THIS AGREEMENT dated the 3rd day of February, 2005 (the "Agreement Date")

BETWEEN:

            JOHNNY CHRISTIANSEN, businessman, of Spurvestien 24, 3189 Horten,
            Norway

            (the "Director")

                                                               OF THE FIRST PART

AND:

            SMARTIRE SYSTEMS INC., a company duly incorporated pursuant to the
            laws of the Province of British Columbia, having an office at 150 -
            13151 Vanier Place, Richmond, British Columbia, V6V 2J1

            ("SmarTire" or the "Company")

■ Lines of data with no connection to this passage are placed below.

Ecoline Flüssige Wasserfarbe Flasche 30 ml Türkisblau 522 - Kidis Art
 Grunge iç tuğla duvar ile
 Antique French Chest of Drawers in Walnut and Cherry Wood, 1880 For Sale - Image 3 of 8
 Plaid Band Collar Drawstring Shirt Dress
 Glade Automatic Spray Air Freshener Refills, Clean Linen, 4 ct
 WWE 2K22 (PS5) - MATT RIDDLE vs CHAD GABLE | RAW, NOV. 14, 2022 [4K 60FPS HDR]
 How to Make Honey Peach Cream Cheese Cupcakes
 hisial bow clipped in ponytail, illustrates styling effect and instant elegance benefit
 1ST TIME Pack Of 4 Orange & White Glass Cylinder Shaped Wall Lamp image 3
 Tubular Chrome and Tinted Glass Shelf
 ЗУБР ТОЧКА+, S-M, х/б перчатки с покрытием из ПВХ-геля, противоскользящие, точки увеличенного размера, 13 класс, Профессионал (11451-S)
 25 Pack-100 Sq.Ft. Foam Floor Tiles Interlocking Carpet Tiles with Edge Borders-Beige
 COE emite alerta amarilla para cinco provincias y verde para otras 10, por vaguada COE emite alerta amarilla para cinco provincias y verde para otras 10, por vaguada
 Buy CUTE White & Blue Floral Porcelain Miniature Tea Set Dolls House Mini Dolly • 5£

                                                               OF THE SECOND PART


A. The Director was elected or appointed as a director of SmarTire on or about
August 14, 2003;

B. SmarTire has a current policy on board remuneration under which the director
is being remunerated;

C. SmarTire and the Director wish to ensure the Director is properly remunerated
in the event of certain circumstances as set forth herein.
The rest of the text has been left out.